If your ideas aren’t on paper, they don’t exist. If the project doesn’t ship, it doesn’t exist.
This simple mantra, which I likely learned from the software industry, should make us think twice about the rewrite and that one last proofread. It should also make us consider how long we’re willing to spend with the white rabbit named Research.
Many academics spend lifetimes on research and most contribute rather insignificant work in the larger economic spectrum of the world. The scariest part? Most of the work of academics never reaches the world—it stays in some sort of note format locked away in a filing system. And if it ships to people, it ships to the academic’s colleagues who also don’t ship very often. This is one of the many highly wasteful endeavors that drives the university system. At the heart of this problem is fear. The question, “What will my colleagues think?” controls the lives of many people in the world. We should call this what it is: it’s sad and it’s an excuse. (That last thought is highly influenced by Seth Godin and Steven Pressfield.)
Indeed, editing is translating and writing is rewriting, but economics are always at work.
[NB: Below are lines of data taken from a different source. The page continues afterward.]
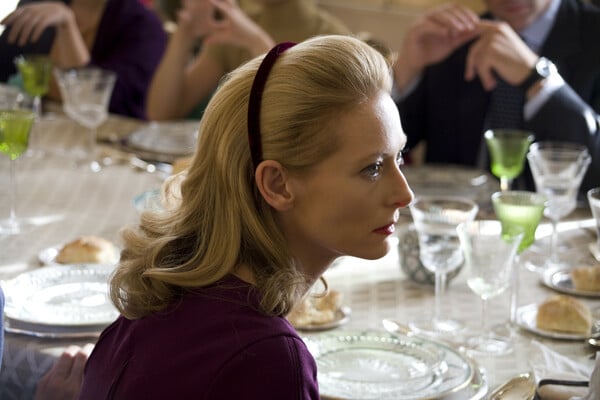 Tilda Swinton κάτω από την Ακρόπολη: Θερινό σινεμά στην ταράτσα του Onassis Ready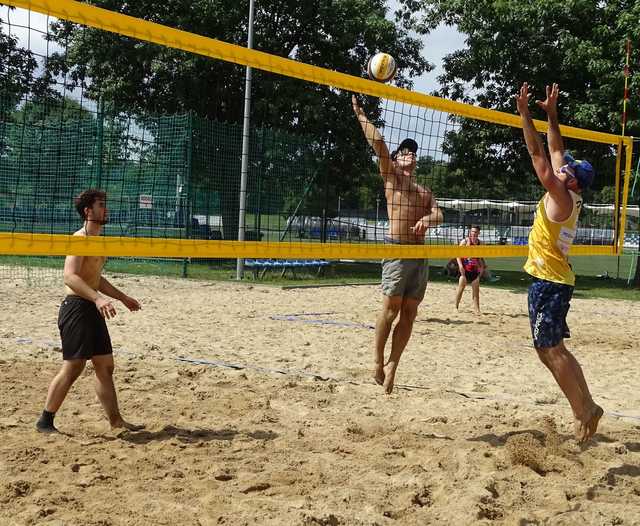 Turniej siatkówki plażowej mężczyzn na zakończenie letniego cyklu rozgrywek na świdnickim OSiRze [FOTO]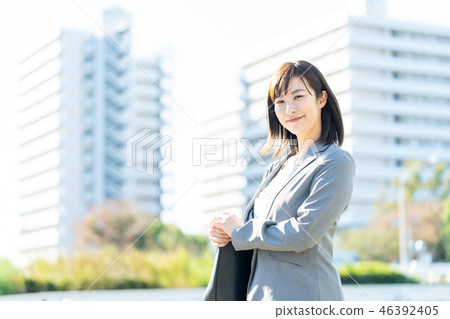 Office Town Walking Suit Woman OL Business Suit Portrait Recruitment Office Town Walking Suit Woman OL Business Suit Portrait Recruitment 46392405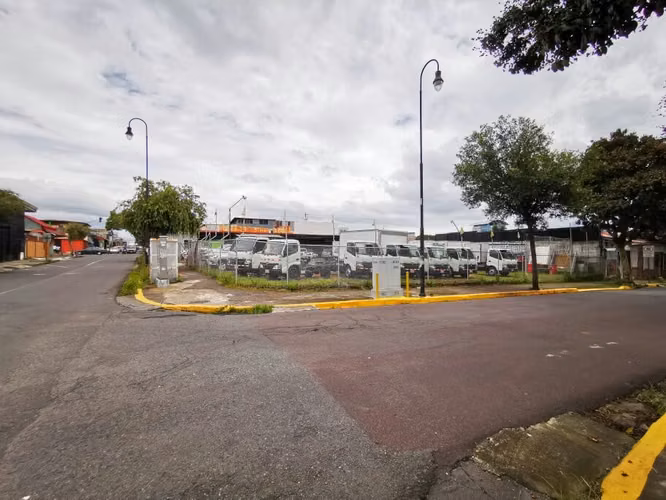 PROPIEDAD ESQUINERA EN VENTA – FRENTE EST. AL PACIFICO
When I think about an editor or writer’s time, I’m not just concerned with what is or is not getting done; I’m considering the long-term effects of the current focus. Time is the one asset we can never get back. We can always make more money, but we can never get more time. If we spend energy on x today, will y be more important tomorrow? Have we spent the adequate energy thinking about y today? Will x or y have longer economic viability?
Perhaps the single greatest mistake an editor or writer can make is choosing the wrong project. How you spend your time articulates your values.
The creative is, by nature, alternating between ideas and thoughts: Input comes from all directions. But the creative, even a group of creatives, will eventually run out of time. Time, whether we like it or not, will dictate reality. Saying “no,” then, becomes our most important decision. Neither x or y matters if they don’t reach the world. (And working on both simultaneously can keep both from reaching the world.)
Putting ideas on paper is always the first step, but economics should always dictate which ideas get executed. Shipping something to customers makes it exist in the real world. Until that happens, it’s all just a game we play.
What are you going to ship this week?